Azure Services to Know:
- Azure Data Factory: A fully managed service for orchestrating ETL/ELT processes in the cloud.
- Azure Synapse Analytics: Combines big data and data warehousing, enabling you to run complex queries on large datasets.
Azure Storage Services to Know
Azure offers a range of storage services to meet different needs:
- Azure Blob Storage: Scalable storage for unstructured data, such as text and binary data.
- Azure Files: Provides fully managed file shares that can be accessed via standard protocols like SMB.
- Azure Queue Storage: A service that stores large numbers of messages for asynchronous processing.
- Azure Table Storage: A NoSQL key-value store for semi-structured data.
Example:
If you are building a cloud app that requires storing large files and exchanging messages between components, Azure Blob Storage is perfect for the files, while Azure Queue Storage handles messaging.
Cosmos DB: Globally Distributed NoSQL
Azure Cosmos DB is a globally distributed, multi-model database service that supports APIs for SQL, MongoDB, Cassandra, and others.
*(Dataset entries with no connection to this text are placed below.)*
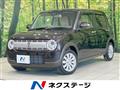 2020 Suzuki Lapin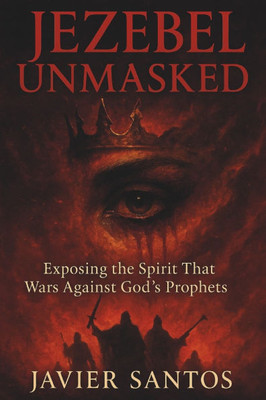 Jezebel Unmasked: Exposing the Spirit That Wars Against God's Prophets
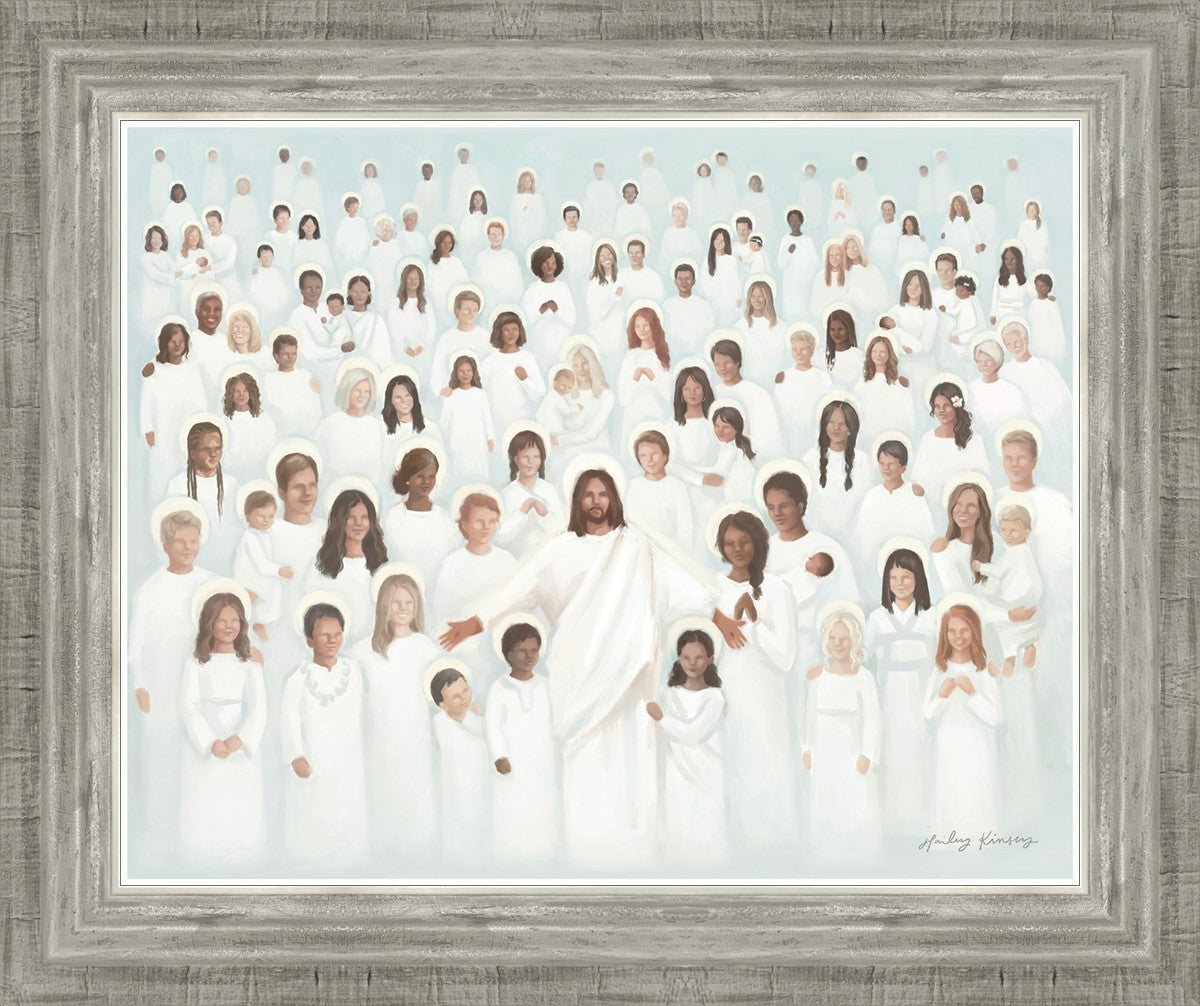 Body of Christ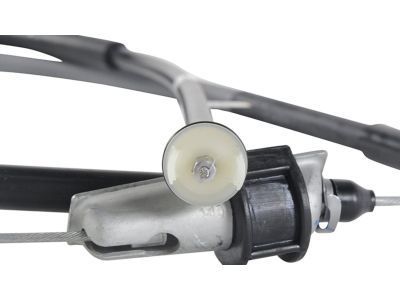 Buick Regal Parking Brake Cable - 23227766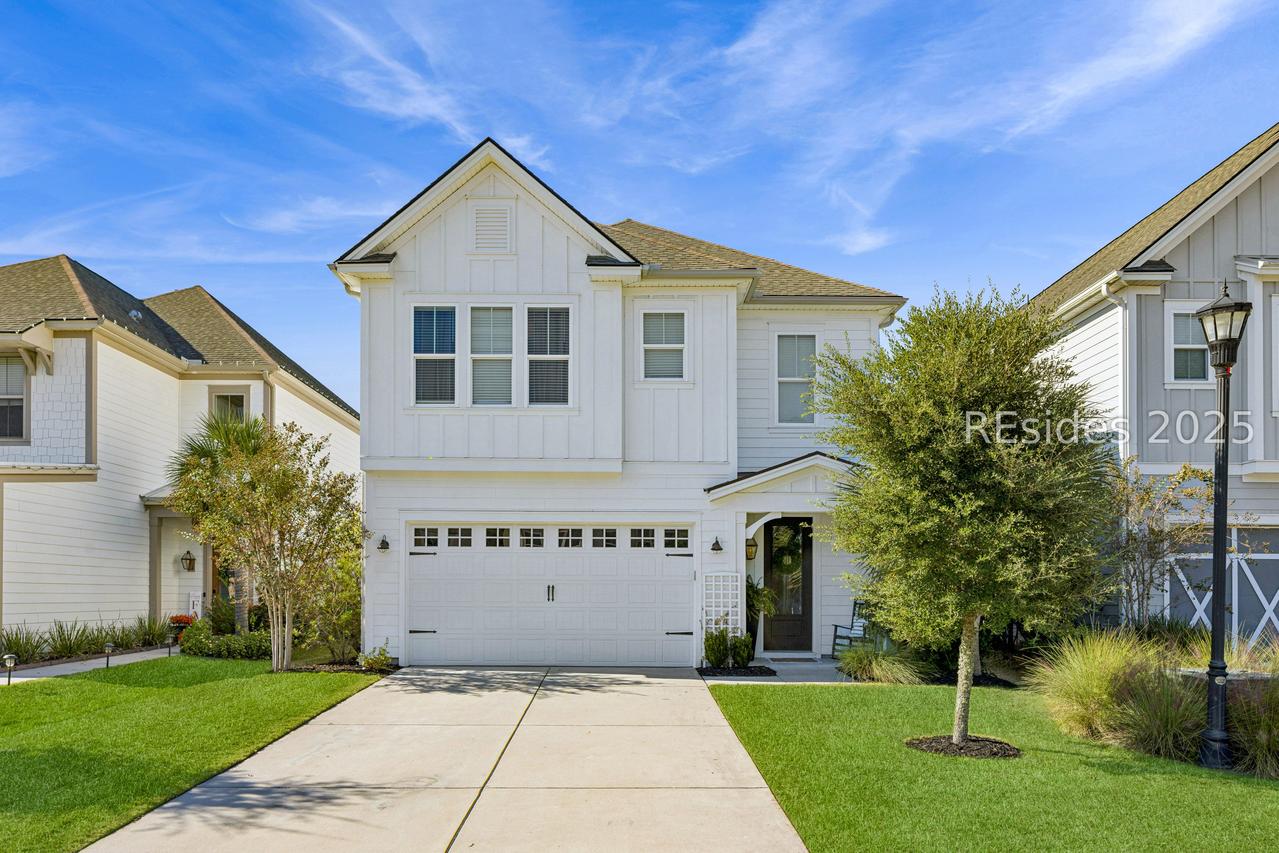 18 Ivory Elm Stroll, Bluffton, SC 29910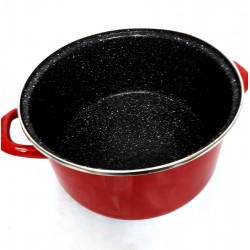 ТЕНДЖЕРА С КЕРАМИЧНО-МРАМОРНО ПОКРИТИЕ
It ensures low-latency data access, high availability, and seamless data replication across regions.
Example:
An e-commerce platform could use Cosmos DB to store customer profiles and order histories, ensuring fast access to data for users anywhere in the world.
Batch vs. Streaming Data Processing
In Azure, you can process data in two main ways:
-
Batch Processing: Data is collected and processed at scheduled intervals. Azure Data Factory can be used for orchestrating large-scale data movement and transformation jobs.
- Example: End-of-day financial reports.
-
Streaming Processing: Data is processed in real-time as it arrives. Services like Azure Stream Analytics and Azure Event Hubs allow you to analyze live data streams for instant insights.
- Example: Real-time fraud detection for credit card transactions.
Azure Services to Know:
- Azure Stream Analytics: Processes real-time data streams for immediate analysis.
- Azure Event Hubs: Ingests large streams of data in real time.
- Azure Event Grid: Handles event-driven architectures, making it easier to build apps that react to real-time events.
Conclusion
The DP-900 certification introduces a broad range of data concepts and Azure services, from structured data to real-time streaming.